Ford has announced it is cutting 7,000 white collar jobs worldwide. The news is not a welcome one, but nor is it really much of a surprise. The company is in the midst of a massive restructuring plan that aims to ensure its long-term survival.
Still, the number is large, representing around 10% of the automaker’s global white-collar workforce. The decision is in line with the company’s drive to transition to new technologies, most notably electric and self-driving vehicles.
According to Ford, the job cuts will allow it to save $600 million USD per year. This figure was advanced as part of a memo sent by Ford CEO Jim Hackett to the company’s employees this past Monday.
“To succeed in our competitive industry, and position Ford to win in a fast-changing future, we must reduce bureaucracy, empower managers, speed decision making, focus on the most valuable work, and cut costs.”
- Jim Hackett, CEO, Ford
800 of the job losses will be in the United States; 500 of them take effect immediately, while another 300 positions will be eliminated in the very near-future.
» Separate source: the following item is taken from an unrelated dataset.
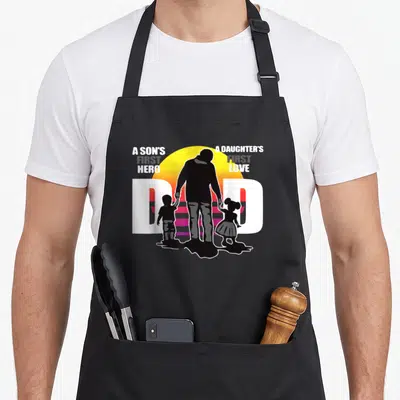 Hero father day apron - DAD text with father and children silhouettes against yellow sun and A Son's First Hero — shown on a black cotton canvas apron against a white background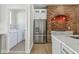 Bright kitchen showcasing stainless steel fridge, brick accent wall, and adjacent laundry room for added convenience at 9709 Bay Colony Dr, Riverview, FL 33578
In all, some 2,300 positions are being abolished by Ford in the U.S., 1,500 workers having already accepted voluntary buyouts.
The majority of the job cuts are taking place at the company’s HQ in Dearborn, Michigan. The positions being eliminated are mainly in the marketing, engineering, product-development, logistics and finance departments.
To get a sense of the magnitude of Ford’s restructuring plan, it’s important to understand that the company’s goal is to find $25.5 billion in cost reductions. Meanwhile the automaker is making big investments in the development of new technologies.
Change is afoot at Ford, in a big way. Only time will tell if the decisions being made will have been the right ones.
Even if you acknowledge the necessity of the moves being made by Ford, job cuts like this one are never easy to swallow. In the past six months, we’ve seen Tesla slash 3,000 jobs, Jaguar-Land Rover cut loose 4,500 workers and General Motors eliminate 14,000 jobs.